→ Problem:
For the data below, restate word for word only the lines from the line containing "For version 10.x, you" through the line containing "Hi, this is", both ends included.

Stored data
+++
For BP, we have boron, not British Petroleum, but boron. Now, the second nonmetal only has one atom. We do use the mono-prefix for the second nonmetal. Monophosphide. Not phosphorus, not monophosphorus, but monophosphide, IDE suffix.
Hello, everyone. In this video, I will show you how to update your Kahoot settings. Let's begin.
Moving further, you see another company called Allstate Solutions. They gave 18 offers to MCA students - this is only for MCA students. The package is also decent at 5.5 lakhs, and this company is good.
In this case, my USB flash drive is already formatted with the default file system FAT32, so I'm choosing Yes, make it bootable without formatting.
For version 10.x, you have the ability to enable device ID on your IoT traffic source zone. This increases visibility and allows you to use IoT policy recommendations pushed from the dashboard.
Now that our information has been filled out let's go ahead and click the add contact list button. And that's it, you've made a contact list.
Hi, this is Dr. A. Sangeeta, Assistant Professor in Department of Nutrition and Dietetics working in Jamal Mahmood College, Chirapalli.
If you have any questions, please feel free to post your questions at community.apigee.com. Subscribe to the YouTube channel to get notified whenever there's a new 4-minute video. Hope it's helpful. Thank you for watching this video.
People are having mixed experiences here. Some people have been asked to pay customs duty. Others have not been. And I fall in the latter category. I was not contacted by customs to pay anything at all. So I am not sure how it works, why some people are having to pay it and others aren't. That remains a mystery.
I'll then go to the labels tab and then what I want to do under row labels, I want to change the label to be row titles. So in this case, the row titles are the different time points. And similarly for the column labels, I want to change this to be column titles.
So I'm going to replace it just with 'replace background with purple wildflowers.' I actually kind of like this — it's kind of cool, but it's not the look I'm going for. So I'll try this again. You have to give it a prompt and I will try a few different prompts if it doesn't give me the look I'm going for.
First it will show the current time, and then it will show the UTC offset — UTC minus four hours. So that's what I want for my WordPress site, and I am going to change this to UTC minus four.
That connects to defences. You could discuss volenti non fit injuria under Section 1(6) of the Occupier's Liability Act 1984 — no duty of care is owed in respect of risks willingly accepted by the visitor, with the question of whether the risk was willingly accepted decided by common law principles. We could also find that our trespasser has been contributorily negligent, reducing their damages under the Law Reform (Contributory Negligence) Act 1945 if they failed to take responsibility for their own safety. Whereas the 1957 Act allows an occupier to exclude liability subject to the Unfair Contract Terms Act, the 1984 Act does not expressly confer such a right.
+++
→ Result for this task:
For version 10.x, you have the ability to enable device ID on your IoT traffic source zone. This increases visibility and allows you to use IoT policy recommendations pushed from the dashboard.
Now that our information has been filled out let's go ahead and click the add contact list button. And that's it, you've made a contact list.
Hi, this is Dr. A. Sangeeta, Assistant Professor in Department of Nutrition and Dietetics working in Jamal Mahmood College, Chirapalli.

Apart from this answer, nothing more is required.